Charlie, Charles or Sir Charles, as he is commonly referred to, is walking with his head held a little higher these days. Charlie is a member of Oklahoma State University’s Pete’s Pet Posse, an on-campus pet therapy dog program. The 3 ½ year-old mixed breed dog belongs to Kendria Cost of Westport, Okla. Cost rescued Charlie in April 2013.
“One of the big things that we promote with our Posse dogs is wellness, of course, because they are part of our America’s healthiest campus wellness initiatives,” explains Dr. Lara Sypniewski, Charlie’s veterinarian at OSU’s Veterinary Medical Hospital. “Charlie was a rescue dog so when he came to Kendria, he was a little bit underweight. And after a year or more of love, he ended up being a little bit overweight. Even though Kendria had done a lot of things to try to get the weight off of him, it just never seemed to happen.”
“He had gained a little weight,” admits Cost. “I changed his food several times. He was exercising. We were walking every day, increasing our route, doing a lot of different things to try to help him lose weight and it just was not coming off.
“Probably the defining moment for me was when I brought him to Stillwater to stay with his trainer,” recalls Cost. “She had not seen him in a while. I got out of the car with him and she said, ‘oh, my gosh, he is so fat. I’m so embarrassed. I’m not even taking him to campus.’ And so, honestly, I cried all the way home not even knowing what I could do, how I could change his diet, how I could change his lifestyle to make him healthy and happy.”
“I suggested to Kendria that we approach Charlie’s diet from an Eastern perspective, evaluating his individual needs based on his personality, his environment, his stressors, his body type, and his exercise program,” states Sypniewski. “This allowed us to choose the best proteins and carbohydrates to meet his nutritional requirements, while honoring those of his overall body type.”
As an example, Charlie always “runs hot.” He consistently pants, seeks cool places to lay and avoids warm environments. To accommodate this individual need, Dr. Sypniewski recommended using cooling foods for Charlie—utilizing foods that would normally be eaten during the summer season.
“I don’t think you would go to the beach and eat a mutton sandwich for lunch,” says Sypniewski. “But having a nice turkey sandwich wouldn’t be out of the question during the summer months. Thinking seasonally helped us to make the food choices we did to help Charlie cool down. Mom finds new recipes all the time. She makes pupsicles with Greek yogurt and mango. She uses the balanced dehydrated diet as well as home cooked food. We really just switched him over a week’s period of time. Charles loved the food, which was good. I mean he is a food hound so he had no problem eating. He was happy.
“And after a couple of weeks, the difference in him was phenomenal,” continues Sypniewski. “Not only was his hair coat starting to change, it was a lot softer hair coat, he had a little bit more glimmer in his eyes. He had more energy. And then all of a sudden, the weight just started to melt off.”
Within six months, Charlie had lost nearly 20 pounds.
“We did it very slowly, very gradually,” adds Cost. “Wellness is obviously a big focus. We did not want it to come off too quickly.”
“We can always look at what the mainstream nutritional guidelines are but with Charlie we did all of that and it didn’t work,” says Sypniewski. “So I love the idea of having another option and having an owner that was very committed to trying something new and thinking outside the box, having a patient who was really good – he liked the food and he was happy to eat it of course.”
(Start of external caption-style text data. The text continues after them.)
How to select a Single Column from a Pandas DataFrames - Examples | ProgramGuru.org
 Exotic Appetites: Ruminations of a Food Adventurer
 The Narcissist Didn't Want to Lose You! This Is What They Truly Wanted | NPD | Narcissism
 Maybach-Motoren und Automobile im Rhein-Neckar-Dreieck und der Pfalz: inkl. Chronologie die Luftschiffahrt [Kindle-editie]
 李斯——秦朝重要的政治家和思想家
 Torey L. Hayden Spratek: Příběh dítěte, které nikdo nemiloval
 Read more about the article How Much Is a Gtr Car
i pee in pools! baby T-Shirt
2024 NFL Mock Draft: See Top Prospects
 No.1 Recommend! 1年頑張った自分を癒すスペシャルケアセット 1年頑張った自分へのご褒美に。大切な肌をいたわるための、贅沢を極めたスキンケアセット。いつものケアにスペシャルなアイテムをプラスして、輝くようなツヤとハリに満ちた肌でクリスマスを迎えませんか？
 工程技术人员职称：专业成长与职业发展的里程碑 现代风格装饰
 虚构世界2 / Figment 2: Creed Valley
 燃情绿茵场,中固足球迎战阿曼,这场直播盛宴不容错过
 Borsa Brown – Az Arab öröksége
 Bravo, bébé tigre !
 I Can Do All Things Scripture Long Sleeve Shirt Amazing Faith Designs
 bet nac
“When you are a dog and you gain weight, people use the code word ‘fluffy’ so he got called fluffy a lot,” says Cost. “We would walk into an office that maybe had not seen him in a while and they would say ‘oh, Charlie, you’re so …. fluffy.’ And you know, we made a joke out of it, but I’m just really happy that people aren’t calling him fluffy anymore. That he’s just made great progress and he does everything that I ask him to do.”
And Dr. Sypniewski reports that the issues Charlie had with discomfort in his hips and elbows all went away as soon as he lost weight.
“And so that’s a big take home to most of my pet owners is that obesity causes arthritis,” adds Sypniewski. “It actually increases the risk of earlier death. So we really try to keep them as thin as possible. Before and after pictures are profound. I give his Mom a lot of credit. She really worked hard and he just looks phenomenal. A great ambassador for wellness.”
Kendria reports that Charlie loves being a Pete’s Pet Posse therapy dog.
“He thinks everyone needs to give him a big ole pat and a belly rub,” she says. “He spends a lot of energy doing that actually. He just loves people. He loves the attention that he gets. He loves making a difference. He’s very intuitive. He understands somebody who needs maybe a little bit of extra attention and he seeks those people out, which is really interesting to watch and it makes me really proud of him.”
Pete’s Pet Posse dogs are trained to interact with people, provide affection and comfort to people in a variety of situations. With therapy dogs petting, touching, and asking questions are encouraged. The OSU Pet Therapy Program has been designed and developed to enhance the wellness of its campus population and contribute to the success of being America’s HEALTHIEST Campus®.